Any hint is much appreaciated! 
 A: I will assume we have good boundary behaviour (at the boundary $\partial \Omega$ and at $\infty$) so I can freely integrate by parts. 
Consider
$$ \begin{align}
|h|^2 &= \left| - \Delta w - i c \partial_1 w + \left( \frac{c^2}{2} + 2\right) w \right| ^2 \\
& = \left| \Delta w \right|^2 + \left| c \partial_1 w \right|^2 + \left| \left( \frac{c^2}{2} + 2\right) w\right|^2 + 2 \Im \left[ c \Delta w \partial_1 \bar{w} - c \left( \frac{c^2}{2} + 2 \right) w \partial_1 \bar{w} \right] - 2 \Re \left[\Delta w \left( \frac{c^2}{2} + 2 \right) \bar{w} \right]
\end{align} $$
Integrating over $\Omega$, and integrating the last term by parts, we have (the norm $\|\cdot\|_k = \|\cdot\|_{W^{k,2}}$)
$$ \|h\|_{0}^2 = \|\Delta w\|^2_0 + c^2 \|\partial_1 w\|^2_0 + \left(\frac{c^2}{2} + 2\right)^2 \|w\|^2_0 + 2 \left( \frac{c^2}{2} + 2\right) \|\nabla w\|^2_0 + 2 c\int \Im \ldots $$
where the 
$$ \ldots = \Delta w \partial_1 \bar{w} - \left( \frac{c^2}{2} + 2\right) w \partial_1 \bar{w} $$
Putting the imaginary parts into absolute values we have
$$ \|h\|_{0}^2 \geq \|\Delta w\|^2_0 + c^2 \|\partial_1 w\|^2_0 + \left(\frac{c^2}{2} + 2\right)^2 \|w\|^2_0 + 2 \left( \frac{c^2}{2} + 2\right) \|\nabla w\|^2_0 - 2 c \left| \int \Im \ldots \right| \tag{*}$$
Now we Cauchy-Schwarz the $\ldots$ with weights.
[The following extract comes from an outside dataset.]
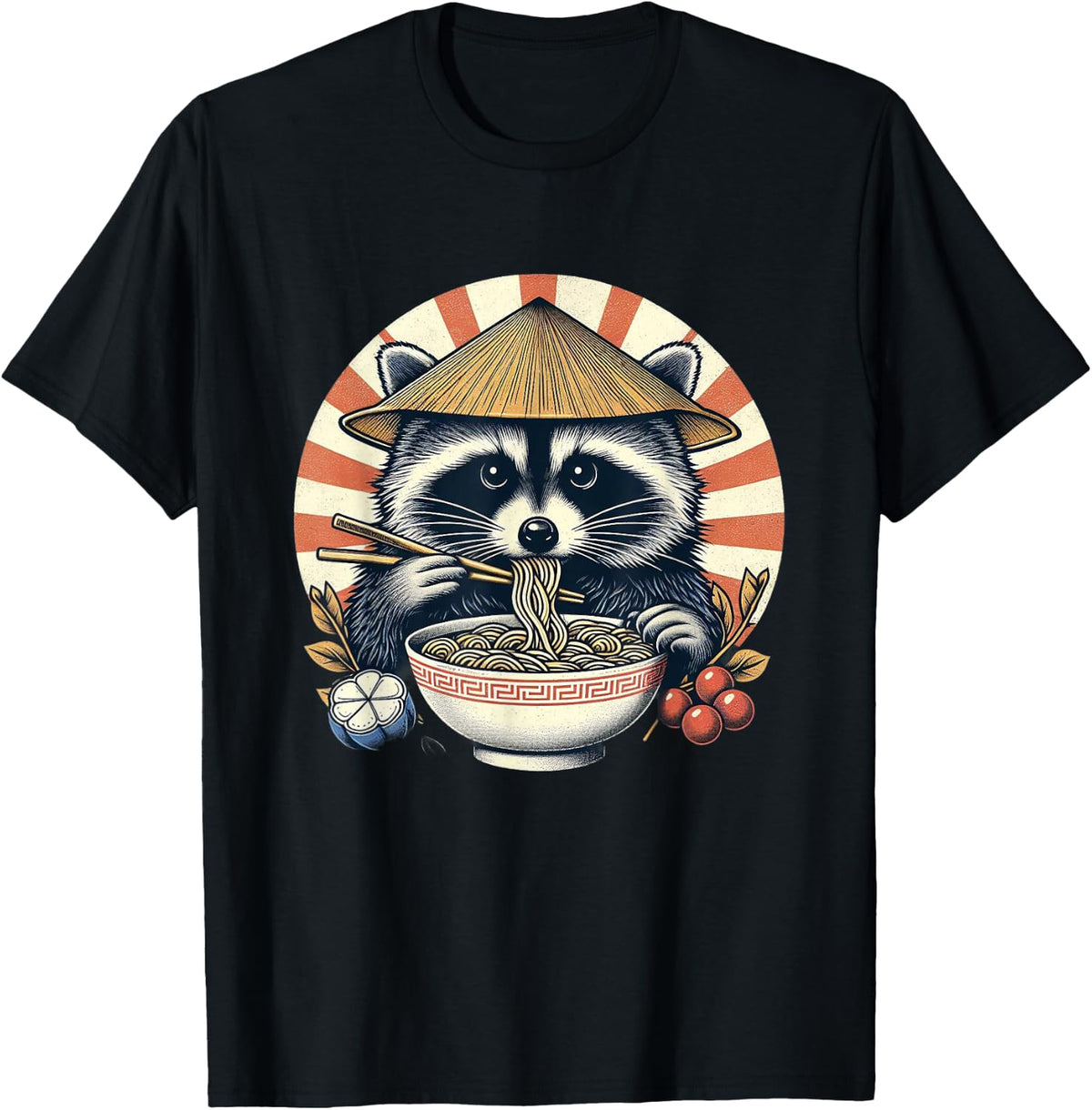 Raccoon Ramen Kawaii Neko Japanese Noodles Aesthetic , black T-Shirt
We have that
$$ 2c\left| \int\Im\ldots \right| \leq  A \|\triangle w\|^2_0 + (A^{-1} + B^{-1})c^2 \|\partial_1 w\|^2_0 + B\left(\frac{c^2}{2} + 2\right)^2\|w\|^2_0 $$
for any positive real numbers $A,B$. It remains to choose good $A,B$. 
But now we observe that $\|\nabla w\|^2_0 = \sum \|\partial_i w\|^2_0$ contains a factor of $\|\partial_1w\|^2_0$. We make use of that term. 
Let us set $A = B = (1-\epsilon)$. Plugging in the estimate for the $\Im \ldots$ into (*) we get
$$ \|h\|^2_0 \geq \epsilon \|\Delta w\|^2_0 + \epsilon \left( \frac{c^2}{2} + 2\right) \|w\|^2_0 + \left(2 c^2 + 4 - \frac{2c^2}{1 - \epsilon}\right) \|\partial_1 w\|^2_0 + (c^2 + 4)\left( \|\partial_2 w\|^2_0 + \|\partial_3 w\|^2_0 \right) $$
Now we see that the right hand side $\geq C \|w\|^2_2$ for some constant $C$ which depends on the constant $c$, provided that we can choose $\epsilon$ depending on $c$ such that 
$$ 2 c^2 \left(1 - \frac{1}{1-\epsilon}\right) + 4 > 0 $$
A little algebraic manipulation shows that this only requires
$$ \frac{2}{c^2} > \frac{\epsilon}{1-\epsilon} $$
which can always be satisfied as $\lim_{\epsilon \to 0} \frac{\epsilon}{1-\epsilon} = 0$. In the regime where $c^2 \in [0,2]$ as you supposed, the value $\epsilon = 1/4$ suffices for any such $c$.